How to import equations built in Word to InDesign

  • November 30, 2025
  • 3 replies
  • 842 views

hello, I'm working on page layout of a 600 page book that has thousands of equations, some inline and some set on their own line(s). The author has created the equations in Word using the Word Equation Editor (I think). The equations do not import into InDesign at all when I place the Word doc, not even an empty space or box. There are thousands of these equations, and some of them are very simple, so the author could have just formatted them with local styles like italic or subscript, but he didn't do that as I requested. Sigh.

 

I think there might be a way to save the equations from Word as PDFs or something, but there are SO MANY. There is no way I want to risk the error of missing some, or placing them into the wrong part of the text. 

 

Is there ANY way at all to get these equations to import into InDesign and maintain their formatting? I'm happy to pay for a plug-in of some sort if needed. I'm using InDesign 2026 (v21.0). Thanks for any advice!

Correct answer BumpyDesign

For future issues with the file not unzipping, download "the Unarchiver" and use that. This will work when apples "Archive Utitlity" will not.


oh, cool! Thank you for the tip re: The Unarchiver. That works for me when using the .docx to .zip trick.

3 replies

December 18, 2025

Hello,

 

Don't even try to "clean" the Word doc. Go straight to MT-Script. For a 600-page book, the cost of the plugin is significantly cheaper than the hours you’ll spend fixing broken layouts.

December 14, 2025

I don't have an easy answer, but this article might shed some light, if it's not too late:

https://colecandoo.com/2025/10/29/indesigns-mathml-just-had-an-upgrade-again/

Participant
December 17, 2025

Thanks for that link explaining how to use MathML in InDesign. Unfortunately, this won't work for me, as all of the formatting drops out (font, color, size, italic, sub/superscript, etc).  

Community Expert
November 30, 2025

Are they docx files? 
If so you might be able to duplicate the file - then change the extension to .zip and unzip the folder. The equations might be in images in one of the folders - works for other things just a thought. 

 

Word to PDF could work too. 

Or click the equation in word and see if you can right click and save as an image like a PDF or something directly from the layout. 

 

Haven't seen equations in Word or how they behave. 

 

If you can share a sample of the word file we can maybe try some things and let you know what we find.

Participant
November 30, 2025

hi thanks for your reply! So I tried the .zip trick and my computer won't unzip it. I've noticed this problem awhile back b/c I used to use the trick frequently.

 

Anyway, my issue is that I really need the inline equations to import into InDesign with the Word doc, instead of me having to place/import every single one as a separate image. The longer equations that are numbered and set on their own line aren't an issue—the author has already supplied those as separate PDFs.

 

You can see from the attached sample Word file that there are *many* inline EQs that really could have been set as text with local formatting and made my job much easier. The author is already worried about his equations somehow becoming incorrect in InDesign, so I don't want to try and reset them myself or do anything that could introduce errors. 

 

I appreciate any ideas! Thank you!

Dave Creamer of IDEAS
Community Expert
Community Expert
November 30, 2025

Currently, the equations won't import because they are not images, so the .zip technique won't work.

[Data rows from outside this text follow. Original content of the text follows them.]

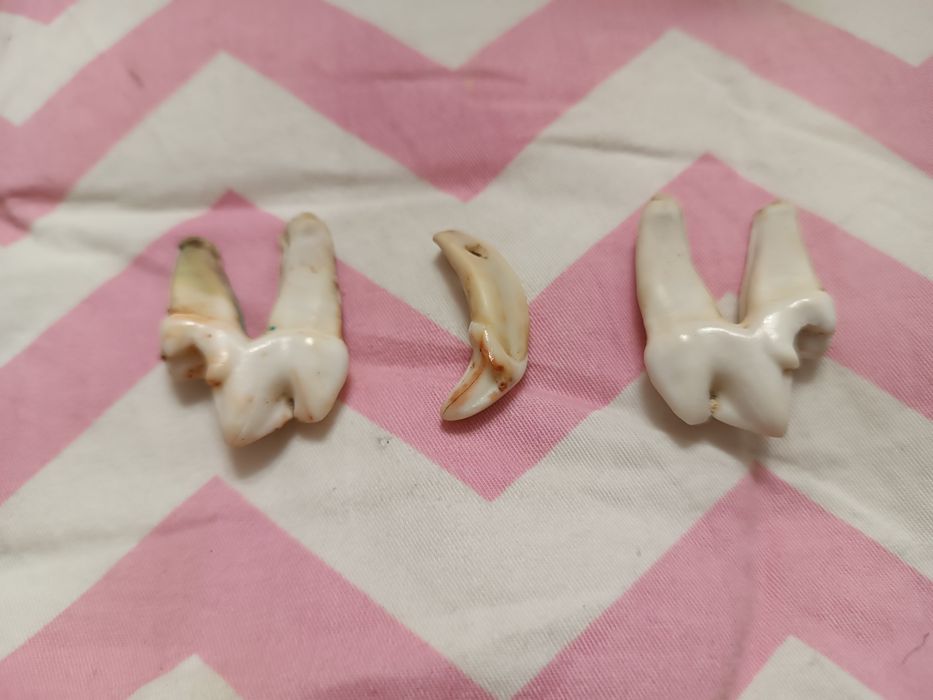 Каскырдын тысы, 2-азу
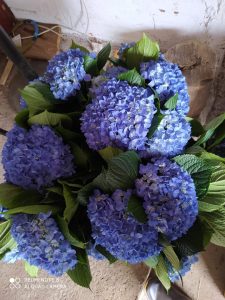 Hortensia Tipo Exportacion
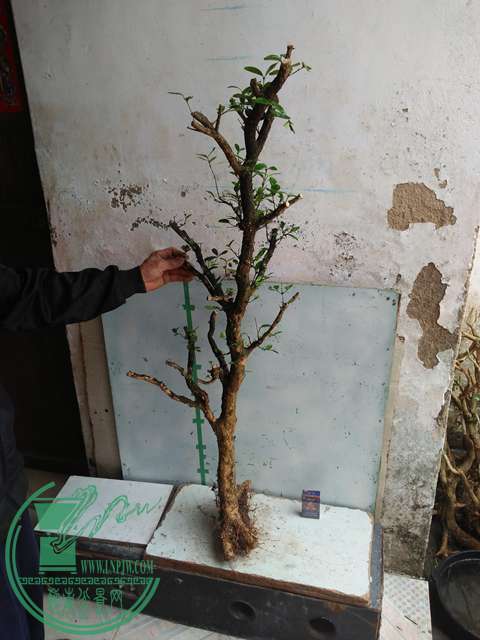 IMG20170221130000.jpg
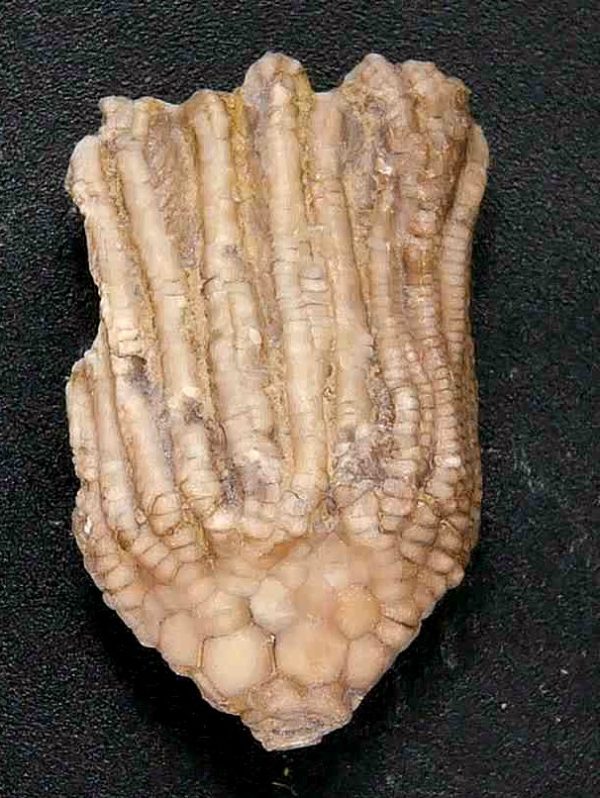 General Crinoid Fossils For Sale- Gilmore City Iowa Mississippian Crinoid Plate #149b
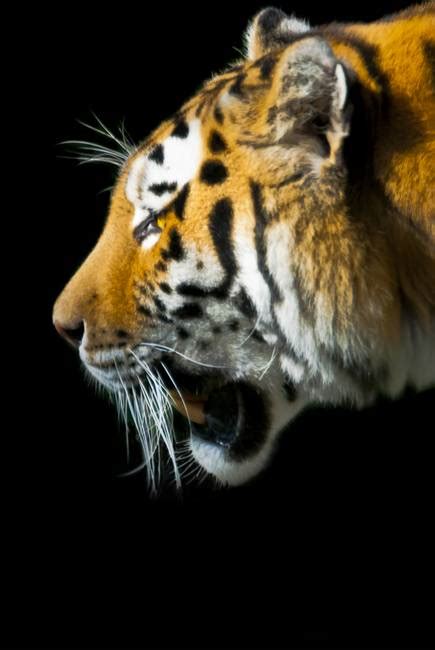 stunning tiger artwork  sale  fine art prints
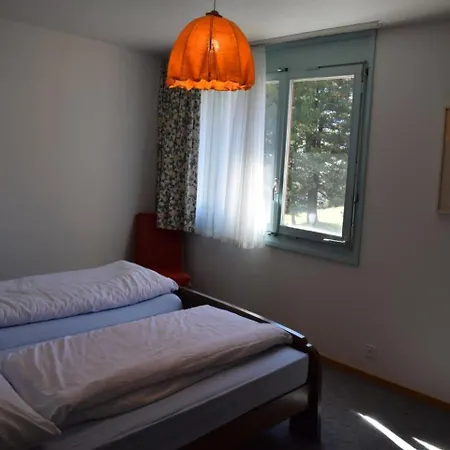 Ferienwohnung Alpines Sportzentrum アパート ミューレン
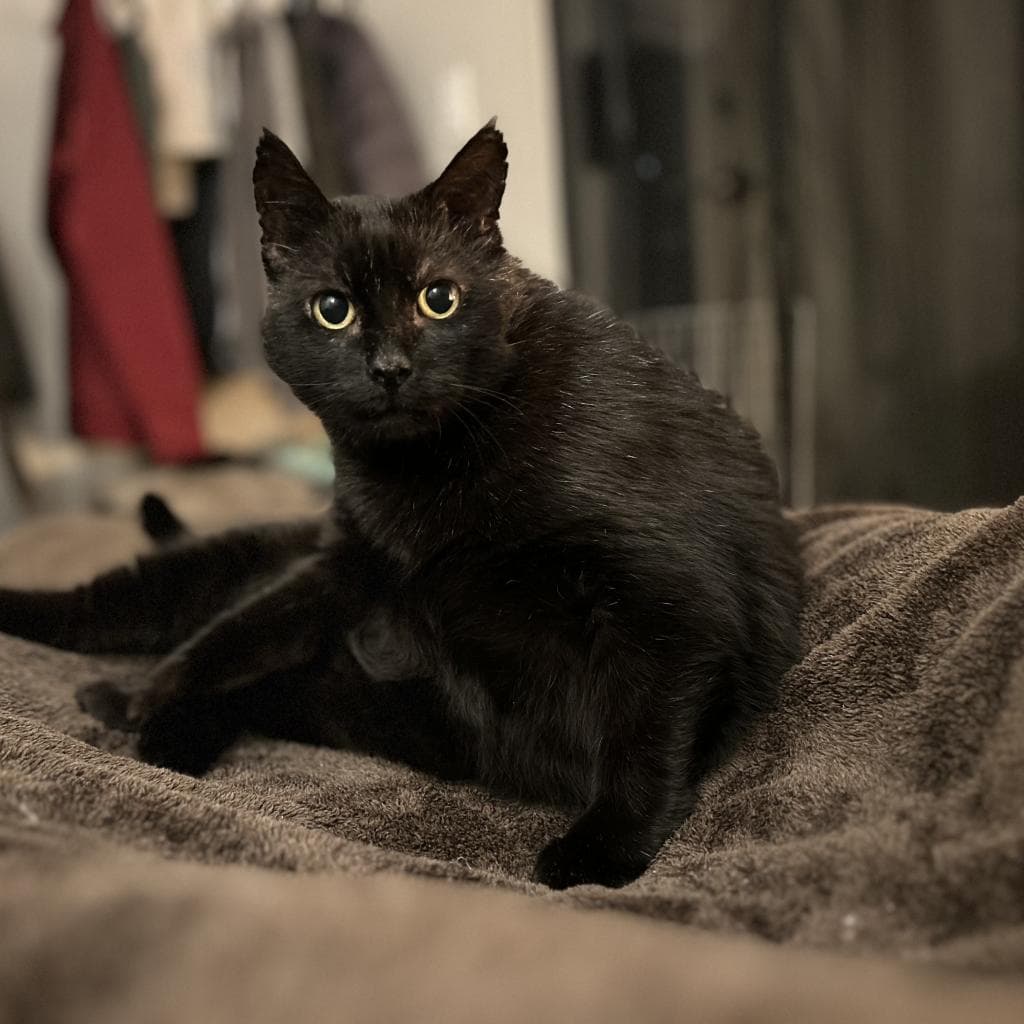 Lyn, a Domestic Shorthair Black cat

  1. Save your Word docx as a 97-2003 version. This will convert all the equations to images.
  2. Place in InDesign with Show Import Options selected.
  3. Select Preserve Styles and Formatting and make sure Import Inline Graphics is checked.

If the quality is not good enough, make the equations larger before doing step 1.

image.png

image.png

If you _did_ want the equations as separate images, you can save as HTML.